Também fazia vários dias que não se barbeava. Uma barba rala cobria-lhe as faces, dando-lhe um ar de rufião que destoava do corpanzil balofo e dos seus movimentos nervosos.
Winston sacudiu um pouco da sua letargia. Devia falar com Ampleforth, e arriscar-se a um grito da teletela. Era até concebível que Ampleforth lhe trouxesse a lâmina.
- Ampleforth - chamou.
Não houve berro da teletela. Ampleforth parou, um tanto assustado. Lentamente, focalizou os olhos em Winston.
- Ah, Smith! Tu também?
- Por que te prenderam?
- Para te dizer a verdade... - sentou-se desajeitado no banco diante de Winston. - Só há um delito, não é?

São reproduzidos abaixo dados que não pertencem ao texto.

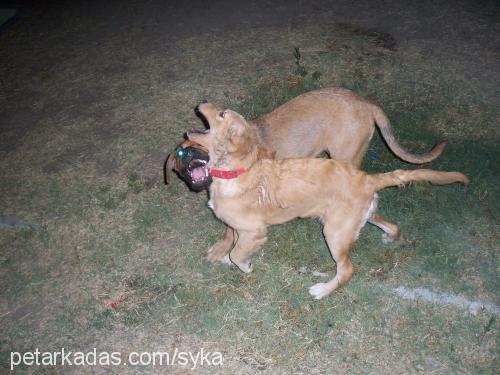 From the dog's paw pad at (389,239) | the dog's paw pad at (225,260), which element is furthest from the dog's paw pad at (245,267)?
the dog's paw pad at (389,239)

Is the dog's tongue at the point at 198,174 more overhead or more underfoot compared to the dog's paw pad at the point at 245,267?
more overhead

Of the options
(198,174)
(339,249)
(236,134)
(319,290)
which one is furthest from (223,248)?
(236,134)

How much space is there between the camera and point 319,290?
13.1ft

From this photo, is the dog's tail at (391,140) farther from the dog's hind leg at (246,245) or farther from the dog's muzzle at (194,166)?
the dog's muzzle at (194,166)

- E cometeste esse delito?
- Aparentemente.
Levou a mão à testa e apertou as têmporas por um momento, como se tentasse recordar de algo.
- Essas coisas acontecem, - começou, vagamente. - Consegui recordar um caso... um caso possível. Foi uma indiscrição, sem dúvida. Estávamos produzindo uma edição definitiva dos poemas de Kipling. Deixei que a palavra "Deus" ficasse no fim de um verso. Não pude evitá-lo! - acrescentou, quase indignado, levantando o olhar para Winston. -Era impossível modificar o verso. A rima era "seus." Durante dias e dias quebrei a cabeça. Não havia outra rima possível.
Modificou-se a expressão de seu rosto. Sumira-se o desgosto, e por um momento ele pareceu quase satisfeito. Uma espécie de calor intelectual, a alegria do pedante que descobriu um fato inútil, brilhava por entre os pelos sujos e crescidos.
- Já te ocorreu que toda a história da poesia inglesa foi determinada pelo fato de escassearem as rimas?
Não, aquilo jamais ocorrera a Winston. E, na circunstância em que se encontrava, não lhe pareceu muito importante nem interessante.